Самый молодой из новобранцев «Москвитянина», Борис Алмазов, так и кипел желанием вступить в бой с пороками, развратом, злоупотреблениями, которые виделись ему повсюду. Алмазов был четырьмя годами моложе Островского и с юным пылом жаждал справедливости и правды, хотел смеяться и обличать. Он объяснял Погодину, что не может говорить правду вполовину. В литературе полуправда губительна. «Не все ли это равно, – восклицал Алмазов, – что судье взять не всю предложенную ему взятку, а только половину ее, – и после хвастаться своей честностью перед теми, кто взял полные взятки»[196].
Отец Алмазова был известный московский богач, но уединился в своем имении и мало заботился о будущем сына. Алмазов не смог окончить университетского курса, потому что опоздал внести плату. Он имел отвращение к канцелярской службе, женился на бедной девушке и стойко сносил вместе с нею все лишения. Жизнь помогла ему накопить изрядный запас молодой злости против ветхих и благополучных стариков, и в жизни, и в литературе, и в науке ставивших преграды всему молодому, свежему.
В обществе неловкий, застенчиво краснеющий, не знавший, куда девать свои длинные ноги, он, когда задевали больные для него темы, говорил хорошо и язвительно. Природой ему был дан насмешливый склад ума и легкое, живое перо. Он свободно рифмовал и не затруднялся в изъяснении сложных эстетических истин разговорным слогом, нередко с примесью иронии.
Он изобрел себе псевдоним – Эраст Благонравов – и стал печатать на страницах чопорно-скучного «Москвитянина» некое странное сочинение, да не в одном номере, а с продолжением. Критическую статью он переложил в диалог и соединил в ней фельетон, очерк нравов, памфлет и фантастическую сатиру. Сам Эраст Благонравов выступал в статье как действующее лицо, а остро очерченные литературные персонажи представляли оттенки критических мнений. Статья называлась несколько витиевато: «Сон по случаю одной комедии. Драматическая фантазия с отвлеченными рассуждениями, патетическими местами, хорами, танцами, торжеством добродетели, наказанием порока, бенгальским огнем и великолепным спектаклем». Трактовала статья, и довольно прозрачно, о запрещенной комедии «Банкрот»[197].
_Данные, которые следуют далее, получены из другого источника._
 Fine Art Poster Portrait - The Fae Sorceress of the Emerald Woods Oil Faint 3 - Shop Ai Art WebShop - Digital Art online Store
Своими едкими озорными фельетонами Алмазов, может быть, более всего способствовал перемене репутации старого «Москвитянина». Журнал как бы объявлял читателям, что намерен издаваться по-новому. Эраст Благонравов разрешил себе посмеяться не только над петербургскими журналами и кумирами «западнической» публики (в господине, который всему на свете предпочитал комфорт, светское общество, верховую езду в манеже, ценил английскую сдержанность, а в повестях своих бранил «Москву, провинцию, неумение одеваться к лицу», узнавали черты Панаева). Молодой критик не оставил в покое и самого Погодина и под кровом его же журнала иронизировал над неким «страстным любителем славянских древностей», который трудится над исследованиями «О ложке Александра Македонского» и «О вилке Дария Истаспа».
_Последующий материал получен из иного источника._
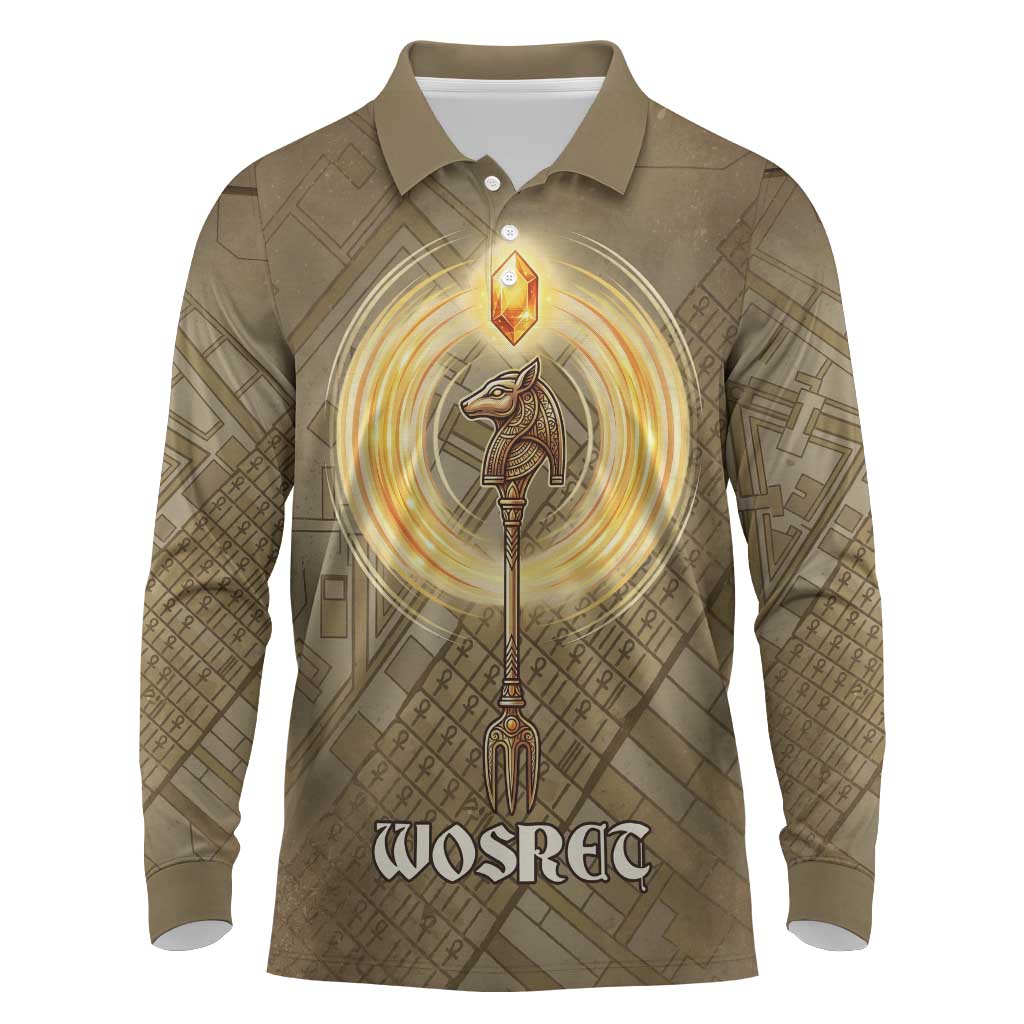Wosret Egyptian Long Sleeve Polo Shirt with Golden Scepter and Archer Motif in Ancient Protector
Протест против пустопорожней «светскости» в литературе, шаркающего «дендизма» и бесплодной ученой схоластики, горячее участие к проявлениям искренности, самобытности разделяли все члены «молодой редакции». От этих слишком общих притяжений и отталкиваний здорового вкуса стал постепенно уходить и выделяться резкостью суждений Аполлон Григорьев. С каждым месяцем он все более претендовал на роль идейного главы и главного теоретика кружка.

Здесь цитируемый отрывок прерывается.